Directions for this task :: Among the following entries, count the lines that contain "Thumbnail" and report only the result.

Given records ::
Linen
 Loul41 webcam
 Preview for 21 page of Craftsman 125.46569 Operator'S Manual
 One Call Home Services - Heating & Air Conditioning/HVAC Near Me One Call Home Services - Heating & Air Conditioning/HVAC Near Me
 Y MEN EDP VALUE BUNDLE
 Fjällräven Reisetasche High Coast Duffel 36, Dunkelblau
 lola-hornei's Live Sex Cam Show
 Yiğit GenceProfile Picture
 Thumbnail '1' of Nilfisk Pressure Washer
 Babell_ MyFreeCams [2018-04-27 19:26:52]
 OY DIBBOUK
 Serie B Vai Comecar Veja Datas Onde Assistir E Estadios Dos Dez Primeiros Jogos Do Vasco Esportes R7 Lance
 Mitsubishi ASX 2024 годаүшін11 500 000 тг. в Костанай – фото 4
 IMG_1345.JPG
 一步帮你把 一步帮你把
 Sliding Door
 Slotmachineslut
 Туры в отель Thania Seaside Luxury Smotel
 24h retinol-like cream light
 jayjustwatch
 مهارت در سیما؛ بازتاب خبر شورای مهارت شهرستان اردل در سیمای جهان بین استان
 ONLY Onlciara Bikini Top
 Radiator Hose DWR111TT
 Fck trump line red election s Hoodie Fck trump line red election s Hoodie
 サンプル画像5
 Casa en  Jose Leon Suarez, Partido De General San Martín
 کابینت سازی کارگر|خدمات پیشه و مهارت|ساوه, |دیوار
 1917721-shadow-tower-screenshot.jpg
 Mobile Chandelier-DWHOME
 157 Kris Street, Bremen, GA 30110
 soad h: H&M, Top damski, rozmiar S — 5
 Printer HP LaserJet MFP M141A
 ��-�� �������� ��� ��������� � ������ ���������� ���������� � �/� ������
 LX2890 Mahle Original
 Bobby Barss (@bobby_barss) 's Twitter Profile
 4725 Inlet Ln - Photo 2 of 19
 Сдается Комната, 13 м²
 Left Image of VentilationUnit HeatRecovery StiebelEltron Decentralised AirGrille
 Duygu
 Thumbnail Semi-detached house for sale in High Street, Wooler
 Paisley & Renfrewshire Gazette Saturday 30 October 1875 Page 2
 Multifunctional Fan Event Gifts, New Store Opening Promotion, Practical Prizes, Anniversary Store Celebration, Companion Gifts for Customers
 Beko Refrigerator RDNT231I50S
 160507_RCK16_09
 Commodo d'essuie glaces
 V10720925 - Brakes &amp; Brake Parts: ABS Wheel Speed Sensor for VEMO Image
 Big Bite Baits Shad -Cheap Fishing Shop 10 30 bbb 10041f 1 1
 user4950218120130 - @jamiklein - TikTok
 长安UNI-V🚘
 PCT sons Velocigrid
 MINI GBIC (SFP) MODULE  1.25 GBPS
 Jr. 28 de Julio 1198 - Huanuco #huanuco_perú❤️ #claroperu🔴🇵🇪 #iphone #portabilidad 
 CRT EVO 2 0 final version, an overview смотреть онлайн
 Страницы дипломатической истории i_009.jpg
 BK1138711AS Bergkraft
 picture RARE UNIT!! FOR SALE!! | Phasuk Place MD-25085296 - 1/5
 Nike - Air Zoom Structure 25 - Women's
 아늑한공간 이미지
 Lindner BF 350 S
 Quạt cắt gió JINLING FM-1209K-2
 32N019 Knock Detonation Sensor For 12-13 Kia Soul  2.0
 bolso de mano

Exercise result :: 2